Of the police force this committee reported on February 26, 1913, that:
“The corruption is so ingrained that the man of ordinary decent character entering the force and not possessed of extraordinary moral fiber may easily succumb. About him are the evidences of graft and the enjoyment of irregular incomes substantially increasing the patrolman’s salary. Inadequate condemnation is shown by his associates in the force for such practises; on the contrary, there is much indirect pressure which induces him to break his oath of office; the families of grafting policemen live better than his own, and the urgencies of his family and of his own social needs tempt him to thrive as do his corrupt associates. Such a system makes for too many of the police an organized school of crime. The improvement of recent years—and there is some—is not great enough to satisfy an aroused public.
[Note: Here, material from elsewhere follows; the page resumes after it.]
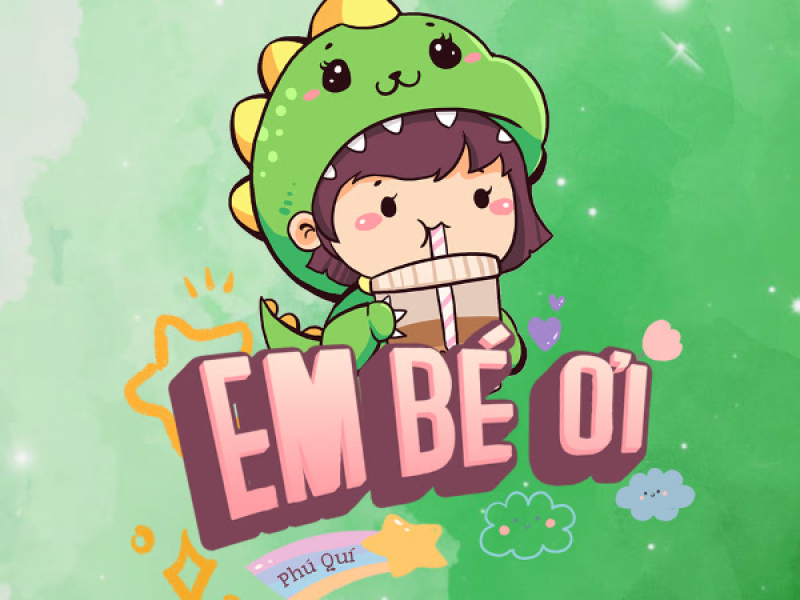 EM BÉ ƠI (Single)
“But not resting with this general knowledge of the existence of such matters, this Committee has made an intensive examination of the conditions in a number of police precincts. We know that the connection between members of the police force and crime or commercialized vice is continuous, profitable and so much a matter of course that explicit bargains do not have to be made; naturally this “honor among thieves” is occasionally violated, as is customary among thieves, both the keeping and the breaking of faith being determined by these policemen for their own profit.
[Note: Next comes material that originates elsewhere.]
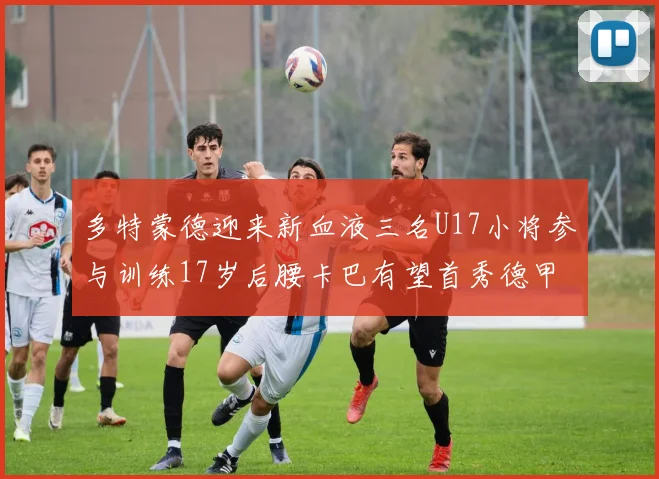 多特蒙德迎来新血液三名U17小将参与训练17岁后腰卡巴有望首秀德甲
“Well knowing this police ‘system,’ grand juries will not on police testimony indict violators of the law, lest they [the grand juries] be lending themselves to police persecution of a selected criminal who had refused tribute, and so be helping the police ‘system.’ For the same reason petit juries will acquit, and judges will discharge, and crime increases and goes unpunished, while honest policemen are discredited and discouraged.
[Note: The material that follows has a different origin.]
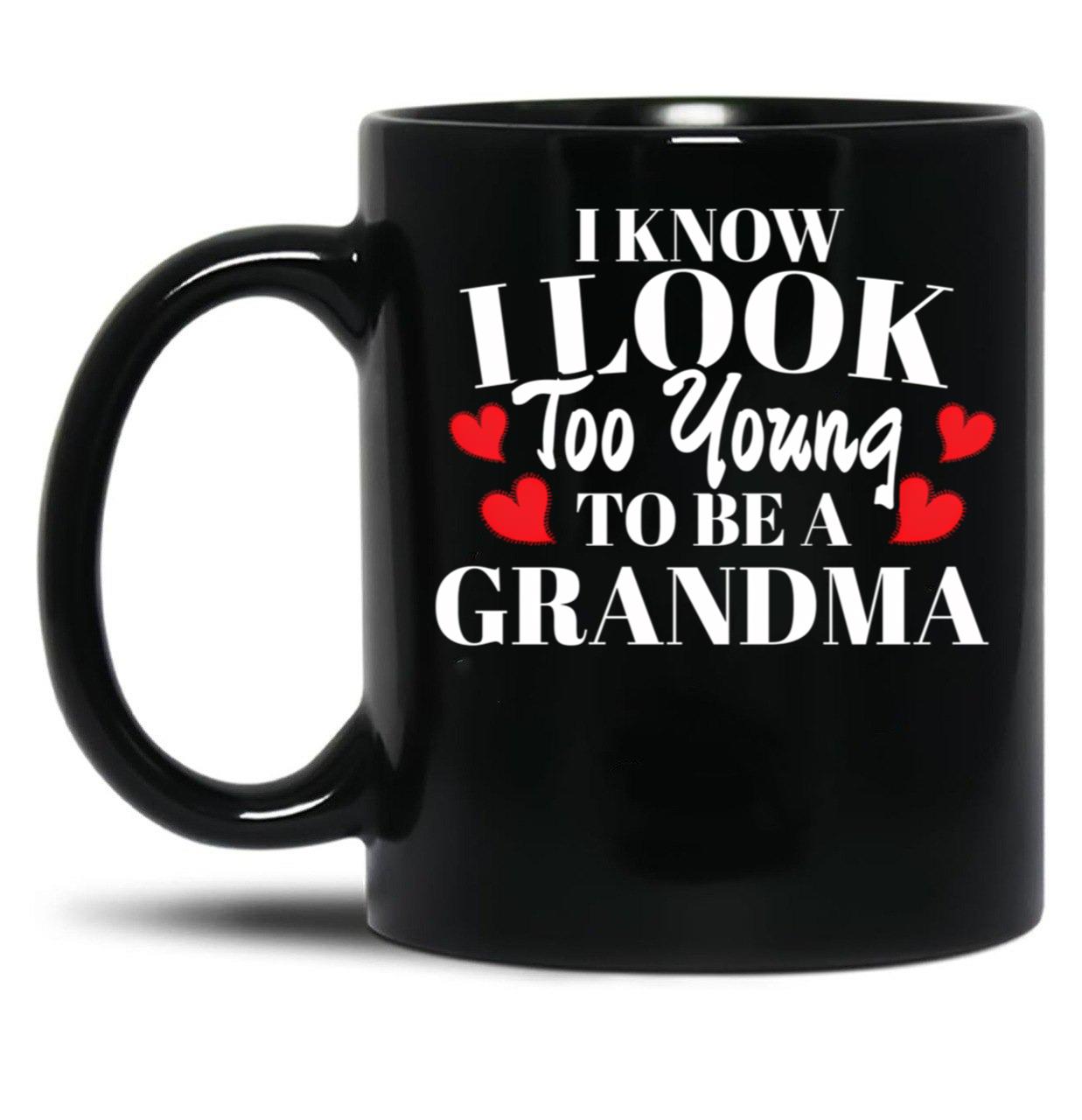 I Know I Look Too Young To Be A Grandma Black Gift Coffee Mug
“Evil thus breeds new maggots of evil. The sums collected by the police excite the greed of certain politicians; they demand their shares, and in their turn they protect the criminal breaches of the law and the police in corruption. The presence of ‘politics’ brings strength and complexity to the ‘system’ and makes it harder to break up. The city, we believe, is convinced that it is time for more radical efforts at improvement.”[1]
A Committee of the Board of Aldermen, appointed to inquire into matters connected with the Police Department, held eighty public sessions, took 4,800 pages of testimony and records, handed in certain conclusions, and made recommendations for further laws. “We have received shocking evidence of a widespread corrupt alliance between the police and gamblers and disorderly house keepers,” this committee reported in part.[2] During the same time, District Attorney Whitman was vigorously prosecuting public offenders. In a single year four police inspectors were convicted of conspiracy and were also under indictment for bribery, one police captain was convicted of extortion, one lieutenant was convicted of extortion, one patrolman of perjury, and two patrolmen were convicted of extortion. In addition, there were various indictments of patrolmen for extortion. Of the convicted, the captain and one patrolman confessed; an attorney and a citizen indicted for bribery in connection with police matters, also confessed.